More than 50 members of the Port Moresby 2015 Public Safety and Security Committee were in attendance at the Games-time security operations workshop ©Port Moresby 2015

Port Moresby 2015 has conducted a Games-time security operations workshop, with more than 50 members of its Public Safety and Security Committee in attendance.

The purpose of the C3 (Command, Control and Communication) workshop was to begin the development of the emergency response and incident management plans, policies and procedures heading into July's Pacific Games, and help participants understand how their roles as decision makers can impact one another in the overall safety and security operations. 

It was conducted with the assistance and partnership of Australian companies Dynamiq Group Ltd and Falck, who are experts in the field of emergency response plan development, implementation and training, and Semacare through Stewart Kreltzheim, who is the Country Fire Authority incident controller in Victoria, Australia.

“Great communication between all partners is integral to the success of the Games,” said Port Moresby 2015 chief executive Peter Stewart.

“This workshop is the start of developing theory and understanding that will be translated to paper policy and procedure.”

The areas of particular attention at the workshop were the classification of incident threat and risk levels as well as grasping the awareness to make a decision on whether to handle issues at Venue Operation Centre (VOC) level or escalate them to the Main Operation Centre (MOC).

The level of security will be integral to the success of the 2015 Pacific Games
The level of security will be integral to the success of the 2015 Pacific Games ©Getty Images

Each Games venue will have a VOC, which is made up of sports competition managers, venue facility managers, venue operations managers and venue command centres, while the MOC will house representatives from key stakeholder agencies with decision making powers.

Committee members agreed that most issues should be handled at VOC level; however issues or incidents could be escalated to the MOC level if it will affect the normal operations of the venue and the Games.
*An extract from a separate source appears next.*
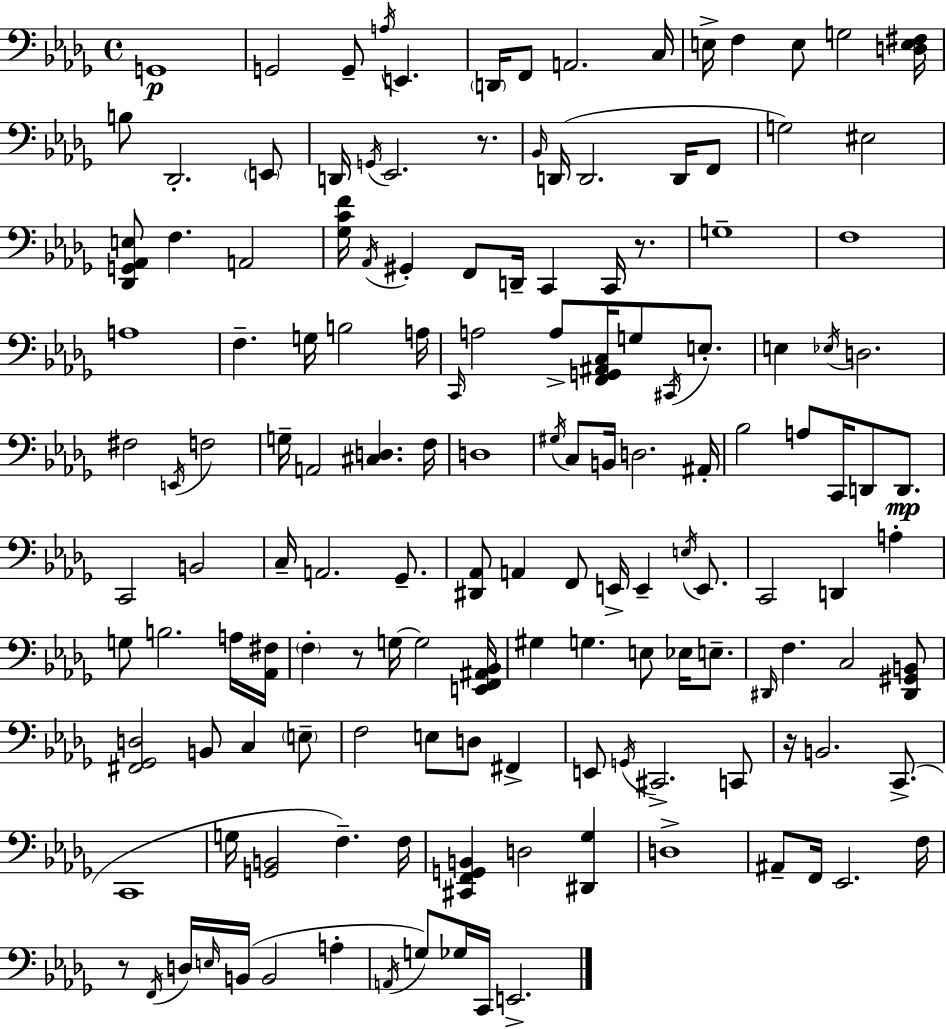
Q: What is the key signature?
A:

“The workshop ensured certain interoperability challenges were identified and addressed, as well as to clearly define roles and responsibilities of all partner agencies in the delivery of Operation "Safe Games" which is the security support to the Games,” said Royal Papua New Guinea Constabulary’s (RPNGC) Chief Superintendent David Manning, who heads the Public Safety and Security Committee.

“Under the operation "Safe Games", a key area that we are focusing on is the public safety efforts and while it is a relatively new role, the RPNGC and its partners are putting every effort into understanding the expectations of stakeholders and ensuring it features in the security to the Games as well as future operations.”

The Committee’s key partners and stakeholders include the police force, fire services, ambulance services, correctional services, Department of Transport, National Intelligence, Papua New Guinea Ports, Air Niugini, Papua New Guinea Power and the National Capital District Commission.

“Major events like the Pacific Games continue to test our capabilities of the RPNGC and its partners,” added Manning.

“But in saying that, the Games, provides an invaluable opportunity to establish and develop relationships with both our traditional and new partners in the Government security arena, whereby we can build a solid foundation to position ourselves to endeavour to deliver contemporary security services.”